Very true... home owners, home improvement guys, and trunk slammers just love the blue color..


----------



## John Valdes (May 17, 2007)

Rich R said:


> Where is F*cktard's ? We don't have those around here


How do you get them out of the wheel chair?


----------



## VersaJoe (Nov 19, 2009)

Most of my supply shopping consists of many sources... I typically get Romex, panels and some fittings at the big box stores...SH can't touch the prices for identical things. They try but they just can't do it. However, I get meterpans, SE cable and fittings in quantity at the supply house.. they give me better prices... but it gets better.. becasue then I take the quote from the supply house and go to Home Depot where they will price match it and take 10% of the difference off...I then use Home Depot gift cards I purchased at Price Chopper to get my .50 cents off a gallon of gas for every $250 spent. I know it sounds redundant but I have a nice streamlined process I use that takes minimal effort... and the savings I get on material are worth it... On larger jobs when I have more time, I will utilize the internet for even more savings...my material shopping methods have saved me thousands of dollars a year..


----------



## NolaTigaBait (Oct 19, 2008)

That's why they call you "versajoe"....you are so versatile.


----------



## ampman (Apr 2, 2009)

try getting three phase eq. from the box stores


----------



## kwired (Dec 20, 2009)

The main things I have noticed that are cheaper at home centers are the high volume items they sell. 

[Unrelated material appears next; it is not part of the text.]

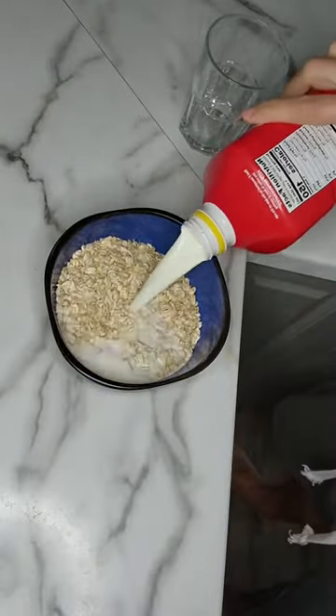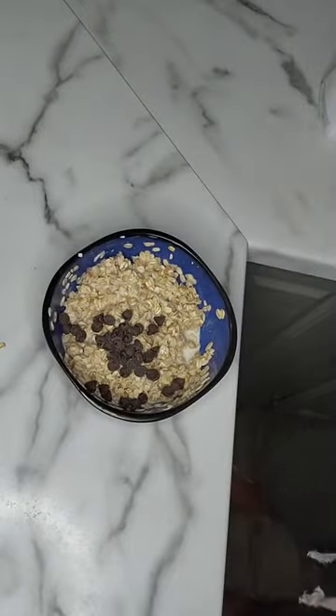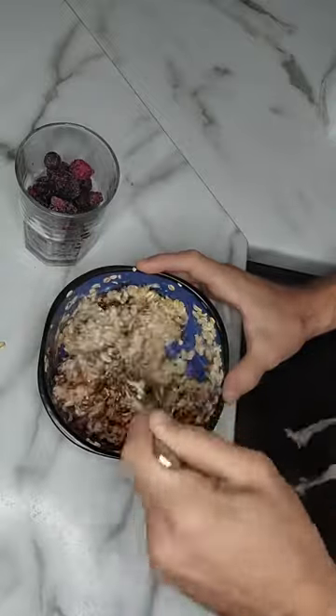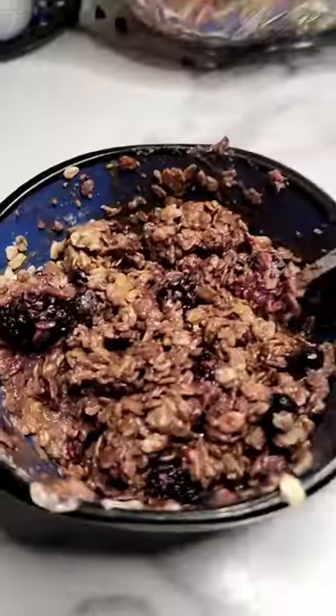We're just going to mix the oatmeal and the milk together, give it a good stir, then put it in the microwave for about two minutes. Then put the chocolate chips in, microwave it for another 30 seconds, mix it all up, and add in our fruit. Give it another mix and we are ready to eat.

Things such as 1 and 2 pole breakers up to 60 amp (good luck finding a 25, 35 or 45 if that is what you need), 12 and 14 AWG NM cable and possibly 10 AWG. All other sizes are cheaper at supply house. 

El cheapo grade switches, receptacles, wall plates and non metallic boxes for use with NM cable all are usually cheaper at home center. 

Most other items are either more expensive or about same as supply house or if a really good bargain they are just plain junk.

Supply houses will give you better rates if you ask for quotes for a whole project many times vs coming in and picking up the same items a little bit at a time. 

Items you use a lot you should buy in larger quantities, many supply houses sell things by the case, pallet, skid, or whatever cheaper than individual items. 

Purchase items for multiple smaller jobs at same time or throw extra items on your purchases for a larger job to be used for smaller jobs can also save some money.


----------



## MacroManage (Apr 29, 2010)

wildleg said:


> I agree. seeing a upc sticker on pieces of pipe you ran makes me cringe.


Is it really any different than seeing the Wheatland or (insert manufacturer's name here) sticker?

Those UPC stickers ensure that you are paying the same low price every time, unlike the supply house which will usually sneak items in at higher costs anywhere they can.


----------



## leland (Dec 28, 2007)

*You all are screwing yourselfs.*

Box stores: the price is there- Joe homeowner (thinks) he knows what you paid. Therefore wants YOU to run around and get it for him at COST.\ What no time/labor involved?
Sorry 'Dude', Pay for my knowledge. IE: Knowing what to get and where to get it,when you need it.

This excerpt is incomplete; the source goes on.